Where Is Valve Train Noise Coming From and Ways to Fix It?

The valve train consists of different parts such as valves, rocker arms, push-rods, lifters, and camshaft. The overall structure balances the air/fuel mixture ratio entering the combustion engine. Whenever an issue happens in the valve train or any of these components, you may hear valve train noises. The noise can be a clicking or clattering sound.

Well, whatever the sound seems like, there are a few fixes that you can try and troubleshoot the valve train noise problem.

Valve Train Noises – Different Reasons and Their Solutions

The most common reasons are the clearance issue, the hydraulic lifter problem, and the worn rocker arm. Let’s get to know how you can solve each of them one by one.

Clearance Issue

The valves open and close as the engine spins. The frequency here remains in a way that the valve opens and closes every two times your engine spins around. This movement of valves happens very quickly, and they cover a very short distance.

These distances are supported by adjusters, and with time as the parts wear off, the distances can increase. This overall increases the clearance, and you hear a ticking sound. This is one of the common valve train noises that you can overcome by adjusting the rocker arms or installing the new shims.

In the push-rod style engine that comes with solid lifters, these lifters should be clean. Lifters with oil deposits or any dirt can cause the engine to make sounds.

Valve train noises
Faulty components cause valve train noises (Photo Source: thefutureisvoting)


Hydraulic Lifter Problems

The hydraulic lifter is another component of the valve train unit. When the lifter is worn or fails to perform the operation, it causes the clattering sound. However, you can always check other parts like rocker arms, pushrods, springs before going with the lifter. If all these parts seem to work fine, chances are the problem is with the lifters.

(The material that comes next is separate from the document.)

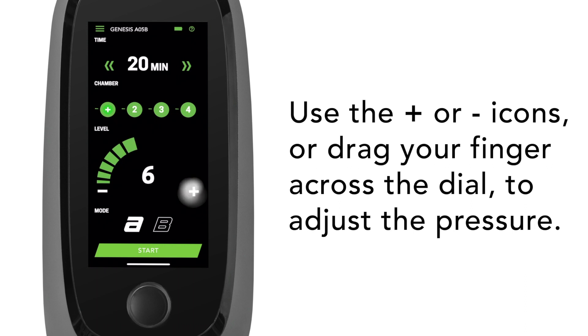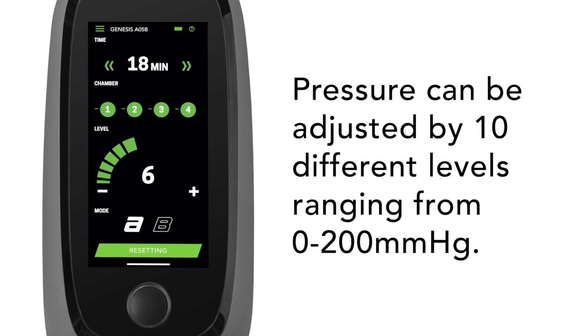Use the plus or minus icons, or drag your fingers across the dial to adjust the pressure. Pressure can be adjusted by 10 different levels ranging from 0 to 200 mmHg.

Make sure you check the following prior to performing a lifter check:

  • Check for correct oil level
  • Examine the oil condition
  • Test valve adjustment
  • Sometimes the lifter sticks, and for that, you should use a detergent additive for the engine oil. This would free the lifter if it is sticking else you would need to make a lifter replacement.
  • When it comes to lifter replacement, you can try removing the valve cover and locate the faulty lifter. If you have a mechanic’s stethoscope, then it would be easier to locate the lifter else a rubber hose would also work fine. Here are the steps to follow:
  • Start with removing the valve cover
  • Set the parking brake and the transmission to Neutral or Park mode
  • Start the engine and keep it idle
  • Now take the rubber hose and put one end against your ear and another end over each valve
  • The failed lifter will sound louder when you place the hose over it. This way, you can recognize which lifter is malfunctioning and proceed further.
Valve train noises
A worn hydraulic lifter makes a rattling sound (Photo Source: pikrepo)

Worn Rocker Arm

If you hear a rattling noise while starting the engine, it may be due to a worn rocker arm. Though it is rare, you can have a check on it if it has been long enough. A faulty rocker arm does not cause any harm to the engine; particularly, it causes the engine to make noise. The most common cause of a worm rocker arm is the poor lubrication system.

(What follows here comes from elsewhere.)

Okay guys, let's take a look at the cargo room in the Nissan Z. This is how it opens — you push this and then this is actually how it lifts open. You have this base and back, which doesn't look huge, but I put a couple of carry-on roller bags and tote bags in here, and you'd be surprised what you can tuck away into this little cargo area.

Here is how you can identify the problem with the rocker arm:

Use the mechanic’s stethoscope or rubber hose and check for the noisy rocker arm just as the previous step.

Check the rocker arm for any rough spots where it meets the valve as an indication of the problem.

If you can encounter any of these problems, it is a sign that there is a problem with the rocker arm. Improving the lubrication can prevent the rocker arm from getting damaged any further.

Note: Sometimes, the dirty oil can make the valve train noise. Try replacing the oil along with the filter and see if the issue gets solved.

Another time it may be because of a valve spring that needs to be refaced. Try changing the valve spring with a wrench, and if this solves the issue, you need to work with the spring. Reading the maintenance tips once in a while is a great way to keep up with the possible automotive issues and how to solve them.

The Possible Causes for Valve Train Noises – In Quick Points

  • When there is less lubrication between the rocker arm and the push-rod
  • Less lubrication between the rocker arm and the end of the valve stem
  • When there is more guide-to-valve clearance
  • When the rocker arm or valve tips are worn
  • When any part of the valve train is worn
  • Clearance between the lifter and the lifter borehole
noises on valve train
Worn rocker arm is one of the reasons for valve train noises (Photo Source: radautorepairs)

Wrapping Up

If you are someone who tends to do DIY whenever an issue happens with your car, you can easily locate these problems. Otherwise, it is always wise to call your mechanic and let him have an analysis of the possible reasons for valve train noises.